Remember it’s not all about your lips
Ness says: ‘Be mindful of other sensations going through your body as you kiss, as there’s so much more happening than just lips on lips.’
What are your hands doing? What about the rest of your body – are you leaning in, getting closer?
Close your eyes
Few things are more awkward than someone going in for a kiss while staring you down.
Close your eyes for the actual kiss, but, suggests Ness ‘stare into each other’s eyes before and after to add an extra boost of feel-good and bonding hormones’.
Take your time
It’s not a race, and no one likes to feel rushed.

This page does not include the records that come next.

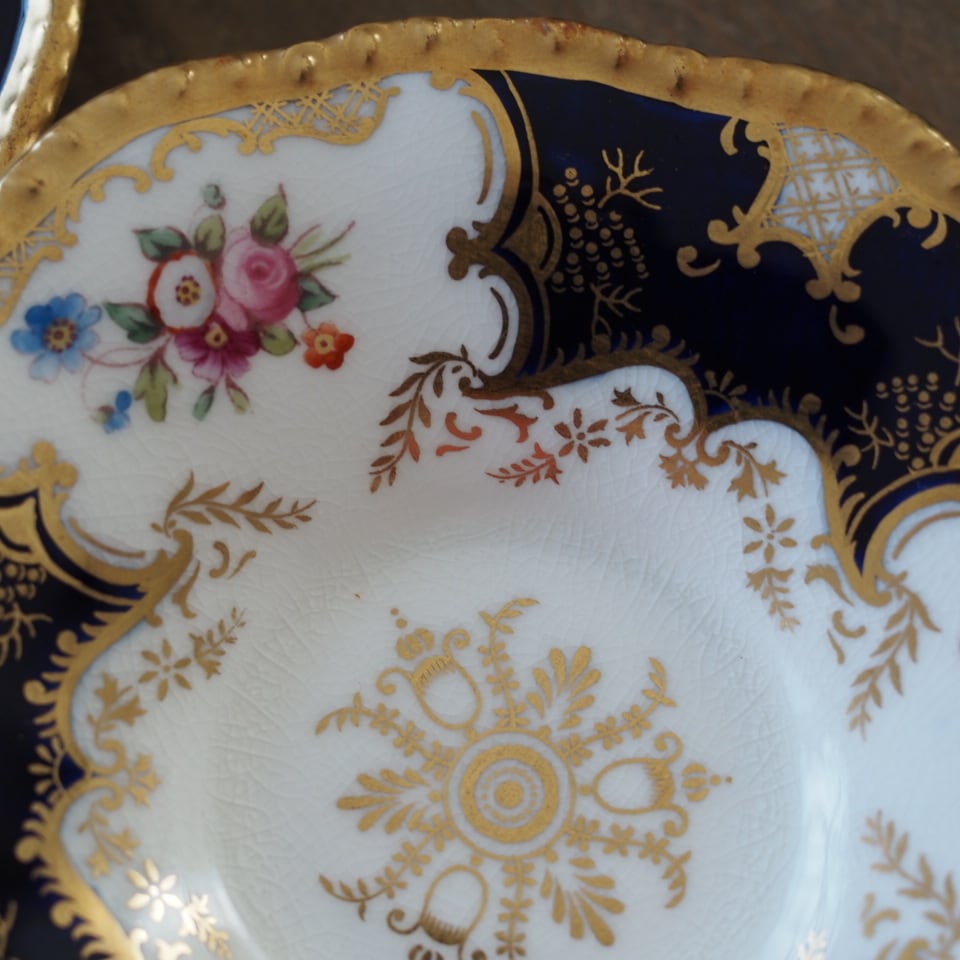 英国コールポート 希少 バットウィング・コバルト トリオA カップ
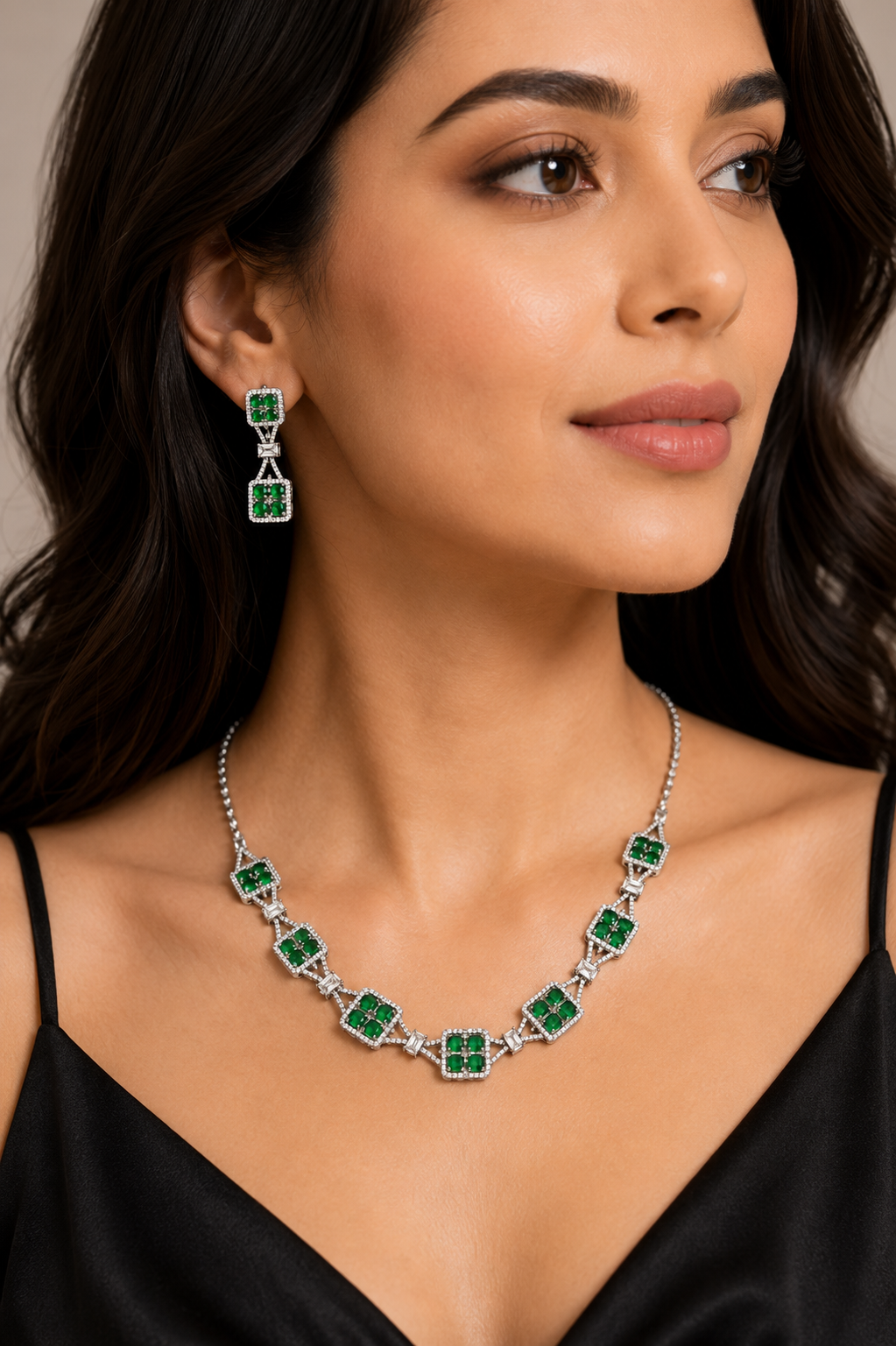 Emerald Green Geometric Necklace Set with Matching Drop Earrings | Silver Plated Designer Jewellery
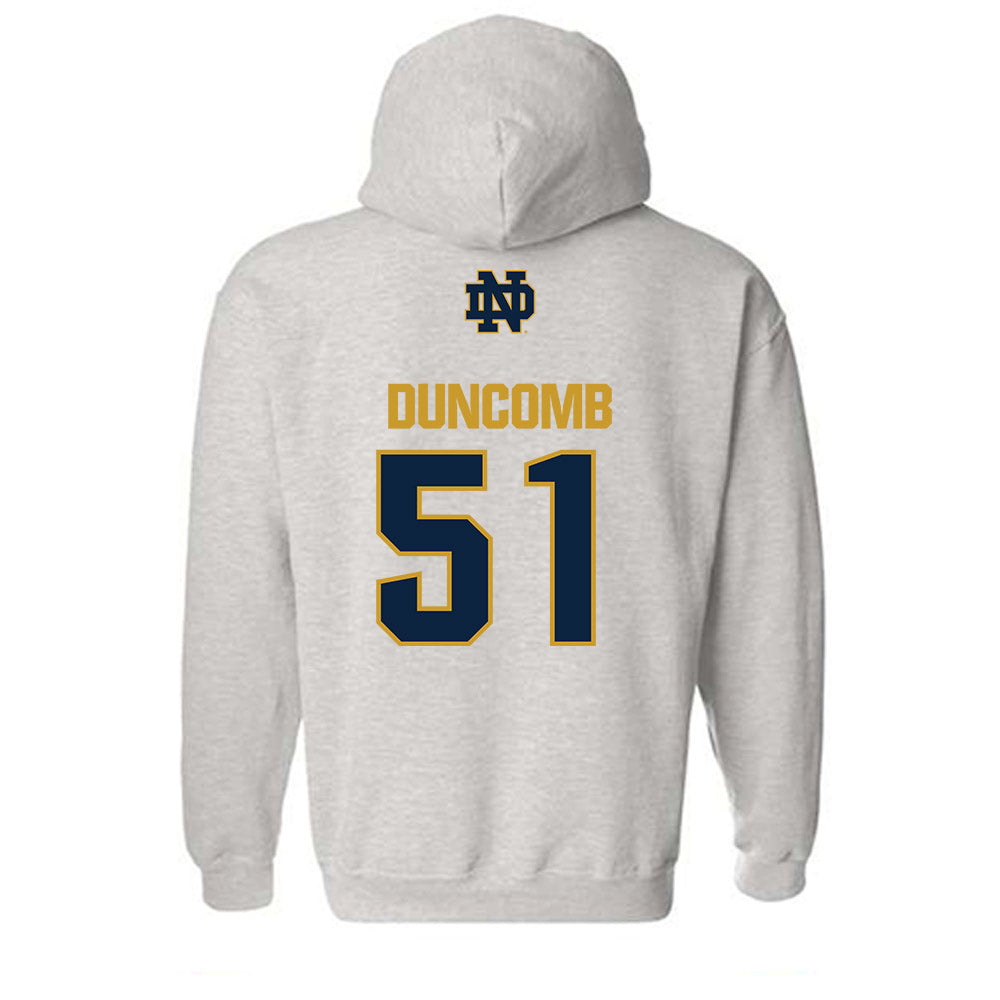 Notre Dame - NCAA Men's Basketball : Logan Duncomb - Classic Fashion Shersey Hooded Sweatshirt-1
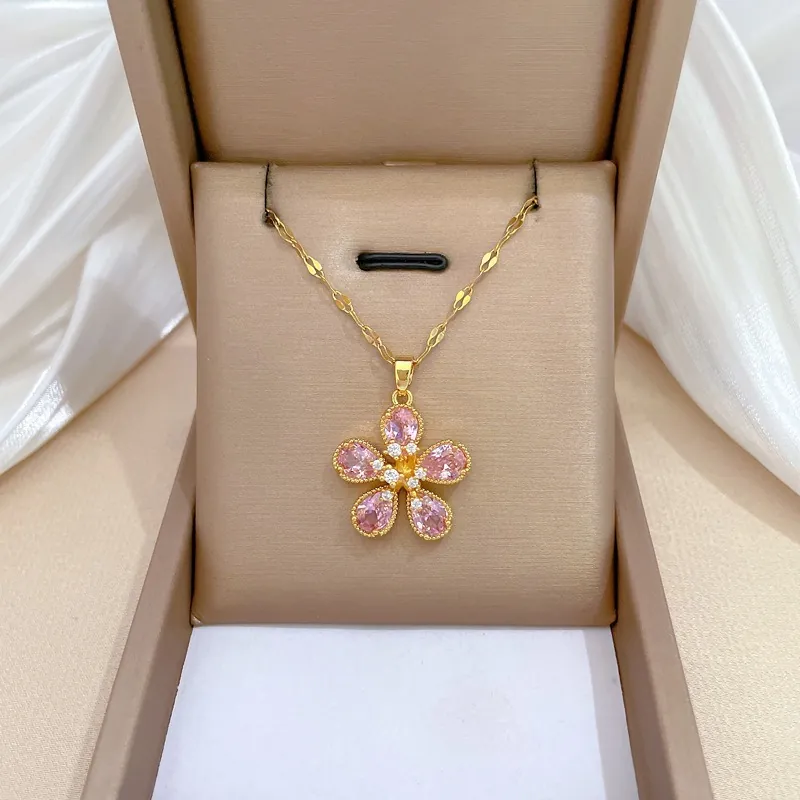 Stainless Steel Pink Five Petal Flower Pendant Necklace For Women Elegant Rhinestone Clavicle Chain Light Luxury Jewelry Gift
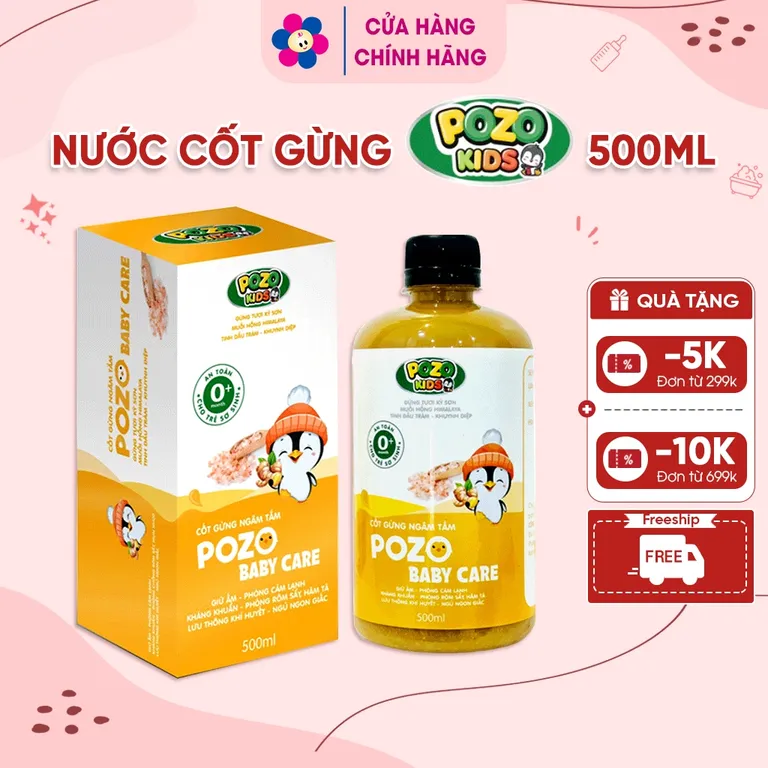 Nước Cốt Gừng Ngâm Tắm Cho Bé Pozo Baby Care - Tràm, Khuynh Diệp, Muối Hồng Himalaya - Tắm Bé, Ngâm Chân, Giữ Ấm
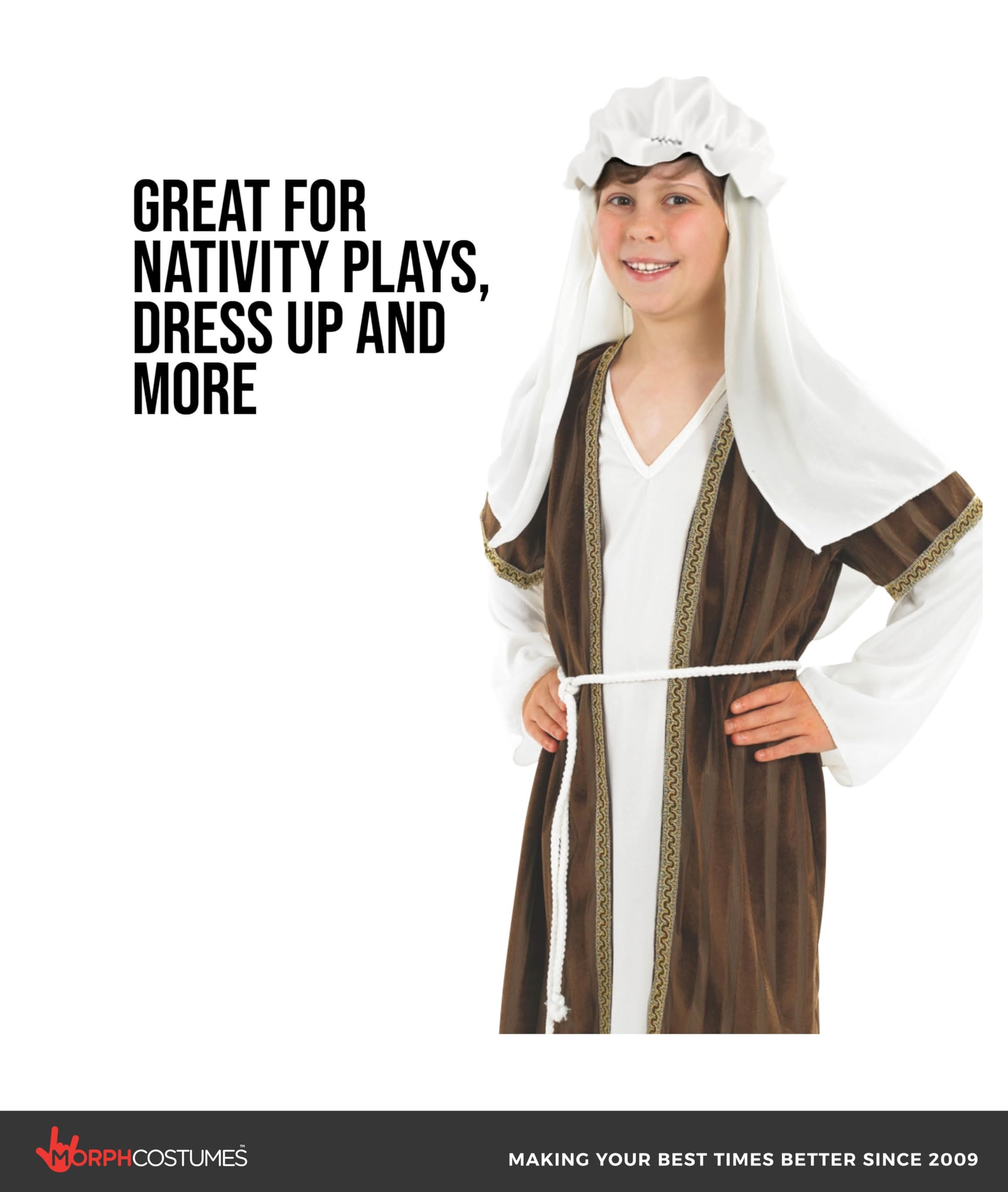 fun shack Boys Shepherd Costume, Small (4-6 Years), Striped, Joseph Costume for Kids, Unisex-Kids, Polyester, Wrinkle Resistant - Image 4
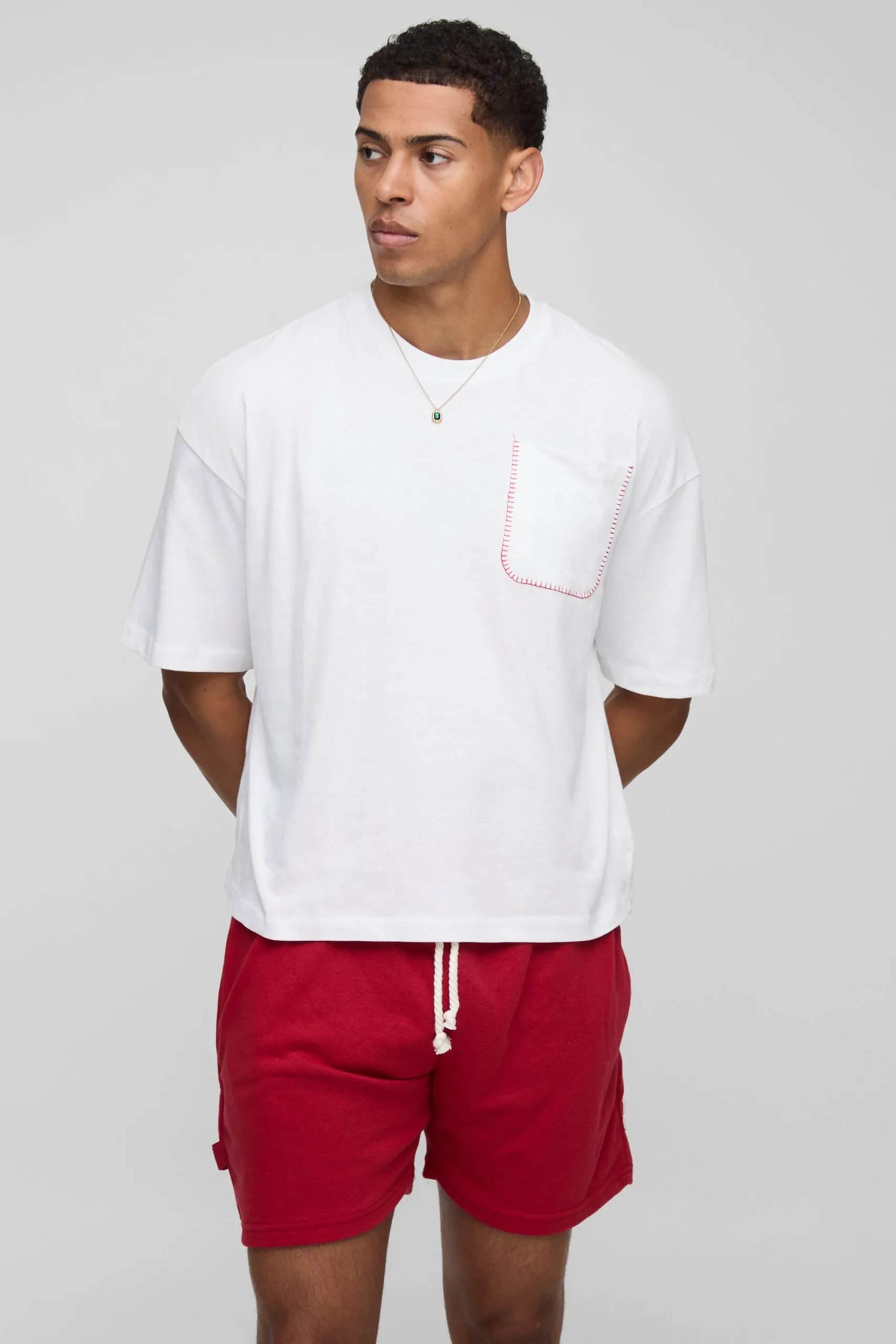 Oversized Boxy Blanket Stitch Rope Detail T-Shirt & Short Set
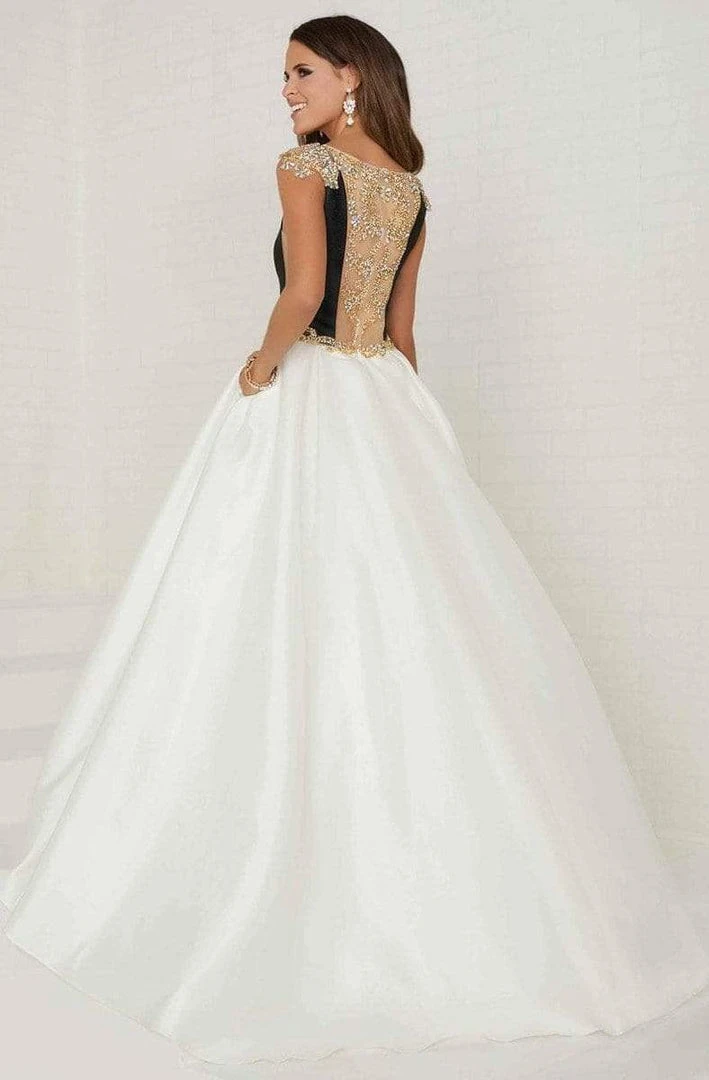 Tiffany Designs - 16297 Beaded Deep V-neck Shimmer Satin Ballgown Formal Gowns 7 Tiffany Designs - 16297 Beaded Deep V-neck Shimmer Satin Ballgown Formal Gowns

Try varying pressure and technique
Don’t let’s things get boring – mix up between softer pecks and deeper snogs. Focus more on the bottom lip, then the top. Bring in the tongue, then pull back.
Don’t be aggressive
‘Slow down and don’t shove your tongue down their throat,’ says Kate.
Ness says: ‘When kissing for a long period of time, check in on each other and
give each other words of affirmation and gratitude.
‘Something like: “I like it when I feel your lips on me” or “when we kiss I feel so close to you”.’
Tune in to your partner
What are they signalling with their body language? How are they responding to your kissing technique?
If they seem to be pulling back or trying to slow down, listen to that. If they’re bringing in more tongue action, that can be a signal that they want you to do the same.
If it’s feeling flat, ponder the emotions
‘For kissing to feel good there has to be natural chemistry and a good emotional connection as well,’ says Kate.